Hay dos relatos presentados como otros tantos homenajes a Agatha Christie y que son auténticos «divertimenti» llenos de guiños intertextuales: «El caso de la abuelita fusilada» —donde el «toque» Christie consiste en indagar un crimen cometido setenta años antes, aunque el módulo estilístico es chandleriano— y «El cofre de las tres joyas», con anciana asesinada y solución a cargo del detective en presencia de herederos y mayordomo. Son historias que la prosa ágil del autor hace entretenidas y que se olvidan poco después. Se trata, en suma, de una literatura correcta, pero de alcance corto. El escritor puede ir más lejos; lo ha demostrado en otras ocasiones y en algunas páginas de este libro. Tendrá sus razones para no haberse exigido más. Por otra parte, la historicidad del relato, es decir, el hecho de que sobre la anécdota y los personajes graviten unas determinadas circunstancias, no debe confundirse con la actualidad, con el recurso fácil a la mención de un programa televisivo de moda o a repartir por el texto alusiones o referencias a hechos minúsculos que son flor de un día y perecederos por su propia naturaleza insustancial. Esta supeditación excesiva a la crónica de actualidad no añade temple histórico al relato, sino que le inyecta los gérmenes de su envejecimiento. En el caso de Vázquez Montalbán, las incitaciones del cronista superan a veces las estrictas exigencias que deben presidir la construcción novelesca.

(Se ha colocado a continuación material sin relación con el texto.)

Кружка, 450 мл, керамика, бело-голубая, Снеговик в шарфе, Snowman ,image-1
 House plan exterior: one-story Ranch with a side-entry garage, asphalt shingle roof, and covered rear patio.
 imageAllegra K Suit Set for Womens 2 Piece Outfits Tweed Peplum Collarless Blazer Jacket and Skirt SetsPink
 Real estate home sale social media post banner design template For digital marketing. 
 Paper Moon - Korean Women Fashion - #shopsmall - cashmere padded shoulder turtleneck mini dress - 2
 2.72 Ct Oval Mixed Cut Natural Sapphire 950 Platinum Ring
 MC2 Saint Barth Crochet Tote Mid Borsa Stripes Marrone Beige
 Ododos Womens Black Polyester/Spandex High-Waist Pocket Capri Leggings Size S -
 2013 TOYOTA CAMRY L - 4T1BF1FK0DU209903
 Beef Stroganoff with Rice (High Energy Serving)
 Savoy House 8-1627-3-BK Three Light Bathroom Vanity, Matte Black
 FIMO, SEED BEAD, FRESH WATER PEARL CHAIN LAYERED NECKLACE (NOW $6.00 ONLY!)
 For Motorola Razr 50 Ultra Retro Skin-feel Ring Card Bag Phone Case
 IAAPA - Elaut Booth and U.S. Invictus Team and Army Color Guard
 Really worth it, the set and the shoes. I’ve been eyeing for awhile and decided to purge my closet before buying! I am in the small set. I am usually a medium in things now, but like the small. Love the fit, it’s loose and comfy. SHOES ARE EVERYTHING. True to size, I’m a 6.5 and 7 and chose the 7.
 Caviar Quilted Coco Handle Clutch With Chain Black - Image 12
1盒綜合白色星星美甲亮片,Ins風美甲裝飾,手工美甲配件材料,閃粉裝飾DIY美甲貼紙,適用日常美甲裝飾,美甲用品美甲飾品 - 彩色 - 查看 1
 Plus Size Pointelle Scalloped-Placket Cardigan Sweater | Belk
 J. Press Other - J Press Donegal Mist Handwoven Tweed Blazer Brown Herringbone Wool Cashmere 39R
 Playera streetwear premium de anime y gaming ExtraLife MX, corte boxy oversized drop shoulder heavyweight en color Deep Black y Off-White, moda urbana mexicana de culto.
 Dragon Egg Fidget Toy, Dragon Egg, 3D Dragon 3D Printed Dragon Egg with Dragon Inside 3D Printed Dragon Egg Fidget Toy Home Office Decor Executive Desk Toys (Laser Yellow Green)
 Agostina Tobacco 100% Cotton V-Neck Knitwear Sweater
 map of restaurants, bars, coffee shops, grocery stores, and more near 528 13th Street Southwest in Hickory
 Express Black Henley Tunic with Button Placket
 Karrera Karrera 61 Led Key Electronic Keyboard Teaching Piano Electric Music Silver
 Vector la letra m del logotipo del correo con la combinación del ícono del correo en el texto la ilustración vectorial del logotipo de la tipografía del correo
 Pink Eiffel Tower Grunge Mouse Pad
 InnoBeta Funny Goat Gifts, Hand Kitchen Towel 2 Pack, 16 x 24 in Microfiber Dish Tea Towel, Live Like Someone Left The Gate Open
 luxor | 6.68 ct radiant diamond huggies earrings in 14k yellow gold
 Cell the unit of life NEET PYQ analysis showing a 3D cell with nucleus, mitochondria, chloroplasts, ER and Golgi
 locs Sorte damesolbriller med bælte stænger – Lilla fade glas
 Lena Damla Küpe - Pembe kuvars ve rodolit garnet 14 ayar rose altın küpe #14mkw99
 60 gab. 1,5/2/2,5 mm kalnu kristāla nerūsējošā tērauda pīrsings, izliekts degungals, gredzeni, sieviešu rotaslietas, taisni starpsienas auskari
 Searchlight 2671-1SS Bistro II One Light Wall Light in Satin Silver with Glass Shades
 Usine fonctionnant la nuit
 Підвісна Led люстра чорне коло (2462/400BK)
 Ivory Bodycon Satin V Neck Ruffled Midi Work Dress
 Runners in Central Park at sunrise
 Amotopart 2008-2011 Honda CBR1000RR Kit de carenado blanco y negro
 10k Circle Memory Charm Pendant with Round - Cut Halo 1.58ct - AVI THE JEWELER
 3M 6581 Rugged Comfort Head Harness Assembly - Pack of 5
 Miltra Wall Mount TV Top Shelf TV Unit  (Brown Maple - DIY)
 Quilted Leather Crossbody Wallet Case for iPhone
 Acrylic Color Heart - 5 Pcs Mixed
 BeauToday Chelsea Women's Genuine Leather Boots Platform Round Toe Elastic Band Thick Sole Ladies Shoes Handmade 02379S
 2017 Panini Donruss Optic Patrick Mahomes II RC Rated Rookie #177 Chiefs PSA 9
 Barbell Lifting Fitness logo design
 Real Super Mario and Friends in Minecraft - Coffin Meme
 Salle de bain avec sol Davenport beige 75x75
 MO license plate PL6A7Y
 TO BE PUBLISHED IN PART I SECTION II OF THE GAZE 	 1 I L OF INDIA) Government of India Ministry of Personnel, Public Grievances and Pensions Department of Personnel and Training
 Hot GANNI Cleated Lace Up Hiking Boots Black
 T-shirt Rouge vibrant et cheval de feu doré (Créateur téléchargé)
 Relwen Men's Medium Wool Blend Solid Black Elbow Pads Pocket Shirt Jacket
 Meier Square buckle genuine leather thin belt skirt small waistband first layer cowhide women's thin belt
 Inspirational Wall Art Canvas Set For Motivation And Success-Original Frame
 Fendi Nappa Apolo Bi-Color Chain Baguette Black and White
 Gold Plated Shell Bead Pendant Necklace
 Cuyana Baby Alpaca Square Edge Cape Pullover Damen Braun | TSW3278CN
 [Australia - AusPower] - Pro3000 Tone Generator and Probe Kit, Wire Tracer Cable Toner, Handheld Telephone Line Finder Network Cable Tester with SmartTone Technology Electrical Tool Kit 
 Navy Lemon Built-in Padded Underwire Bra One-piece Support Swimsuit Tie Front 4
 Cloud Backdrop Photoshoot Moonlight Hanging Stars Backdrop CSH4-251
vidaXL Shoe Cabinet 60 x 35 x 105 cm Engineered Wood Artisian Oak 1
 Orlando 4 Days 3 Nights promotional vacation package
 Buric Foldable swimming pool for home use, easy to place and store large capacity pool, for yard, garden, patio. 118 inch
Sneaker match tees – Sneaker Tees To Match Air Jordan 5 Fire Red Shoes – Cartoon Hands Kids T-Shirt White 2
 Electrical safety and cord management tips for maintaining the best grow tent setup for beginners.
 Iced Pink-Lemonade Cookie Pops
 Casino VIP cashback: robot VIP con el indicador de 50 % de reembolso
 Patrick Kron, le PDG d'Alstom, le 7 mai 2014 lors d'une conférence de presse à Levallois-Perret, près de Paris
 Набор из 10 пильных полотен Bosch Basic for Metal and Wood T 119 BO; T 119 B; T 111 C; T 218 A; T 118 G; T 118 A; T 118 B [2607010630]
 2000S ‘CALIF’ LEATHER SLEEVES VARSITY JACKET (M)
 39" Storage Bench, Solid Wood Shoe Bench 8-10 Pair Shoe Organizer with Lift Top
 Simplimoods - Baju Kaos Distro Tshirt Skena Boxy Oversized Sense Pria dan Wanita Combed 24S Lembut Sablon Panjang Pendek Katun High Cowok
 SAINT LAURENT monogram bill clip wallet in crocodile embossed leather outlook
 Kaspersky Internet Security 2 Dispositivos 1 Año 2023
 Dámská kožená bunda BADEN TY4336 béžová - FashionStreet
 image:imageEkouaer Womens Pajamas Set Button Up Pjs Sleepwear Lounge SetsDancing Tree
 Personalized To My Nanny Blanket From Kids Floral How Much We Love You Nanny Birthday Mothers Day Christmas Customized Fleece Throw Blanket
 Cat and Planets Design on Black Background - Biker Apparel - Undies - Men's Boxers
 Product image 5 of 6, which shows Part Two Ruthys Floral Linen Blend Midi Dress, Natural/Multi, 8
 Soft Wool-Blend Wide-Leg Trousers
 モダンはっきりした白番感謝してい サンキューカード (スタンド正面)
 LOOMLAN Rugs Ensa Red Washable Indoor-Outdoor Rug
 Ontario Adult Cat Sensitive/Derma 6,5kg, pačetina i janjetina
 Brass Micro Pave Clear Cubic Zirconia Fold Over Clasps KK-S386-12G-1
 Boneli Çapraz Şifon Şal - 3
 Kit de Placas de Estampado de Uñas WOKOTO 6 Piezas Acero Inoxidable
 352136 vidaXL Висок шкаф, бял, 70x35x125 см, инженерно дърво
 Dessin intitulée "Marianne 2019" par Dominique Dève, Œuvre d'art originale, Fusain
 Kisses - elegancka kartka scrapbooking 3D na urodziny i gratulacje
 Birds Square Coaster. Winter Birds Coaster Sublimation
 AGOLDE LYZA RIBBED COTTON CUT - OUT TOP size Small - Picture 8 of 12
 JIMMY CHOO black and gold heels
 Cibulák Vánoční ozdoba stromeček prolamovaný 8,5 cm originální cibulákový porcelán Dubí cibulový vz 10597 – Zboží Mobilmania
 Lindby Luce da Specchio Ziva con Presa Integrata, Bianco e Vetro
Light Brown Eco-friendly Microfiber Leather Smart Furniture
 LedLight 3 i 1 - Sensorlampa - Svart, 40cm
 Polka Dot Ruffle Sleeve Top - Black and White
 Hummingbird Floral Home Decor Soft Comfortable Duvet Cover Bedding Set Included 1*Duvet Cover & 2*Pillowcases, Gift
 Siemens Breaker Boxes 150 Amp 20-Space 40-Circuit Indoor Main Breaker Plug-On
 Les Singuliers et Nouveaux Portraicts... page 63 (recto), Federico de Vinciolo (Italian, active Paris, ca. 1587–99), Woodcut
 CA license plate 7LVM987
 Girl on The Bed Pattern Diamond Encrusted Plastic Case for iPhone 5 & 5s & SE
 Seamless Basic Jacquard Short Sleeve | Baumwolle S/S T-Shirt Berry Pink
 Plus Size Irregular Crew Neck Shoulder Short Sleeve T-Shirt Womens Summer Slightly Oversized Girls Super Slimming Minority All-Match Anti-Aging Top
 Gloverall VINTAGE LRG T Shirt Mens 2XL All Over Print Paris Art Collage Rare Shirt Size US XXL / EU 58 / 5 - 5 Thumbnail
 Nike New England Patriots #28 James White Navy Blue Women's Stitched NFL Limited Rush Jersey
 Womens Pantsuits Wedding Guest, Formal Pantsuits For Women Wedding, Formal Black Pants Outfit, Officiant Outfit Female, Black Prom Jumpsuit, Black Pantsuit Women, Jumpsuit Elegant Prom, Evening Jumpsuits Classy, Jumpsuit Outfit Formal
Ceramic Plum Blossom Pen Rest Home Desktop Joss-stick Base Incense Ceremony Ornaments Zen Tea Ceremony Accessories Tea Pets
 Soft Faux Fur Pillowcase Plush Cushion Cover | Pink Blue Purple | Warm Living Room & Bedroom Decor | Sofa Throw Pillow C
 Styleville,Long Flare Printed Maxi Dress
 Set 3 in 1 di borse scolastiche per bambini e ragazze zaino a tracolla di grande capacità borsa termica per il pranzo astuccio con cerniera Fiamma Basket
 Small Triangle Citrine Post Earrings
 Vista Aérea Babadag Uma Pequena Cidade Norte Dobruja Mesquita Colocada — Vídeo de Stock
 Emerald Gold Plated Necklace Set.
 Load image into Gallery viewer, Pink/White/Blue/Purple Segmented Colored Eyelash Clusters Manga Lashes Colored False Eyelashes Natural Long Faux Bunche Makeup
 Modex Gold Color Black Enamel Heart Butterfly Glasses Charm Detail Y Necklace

No es una novedad repetir a estas alturas lo que ya se ha dicho en infinidad de ocasiones: Vázquez Montalbán escribe bien. Pero alguna vez dormita y hasta se deja mecer por usos no castellanos —«mala olor» (pág. 80), «farsa de salchichas» (pág. 97)— o por desvíos varios: «el áurea mediócritas» (pág. 127), «era lo suficiente machista como para que...» (pág. 121). Pero observaciones de esta naturaleza se multiplicarían en casos de textos de otros autores que, además, nos sumirían en un invencible aburrimiento. Al menos esto último no podrá decirse de Vázquez Montalbán.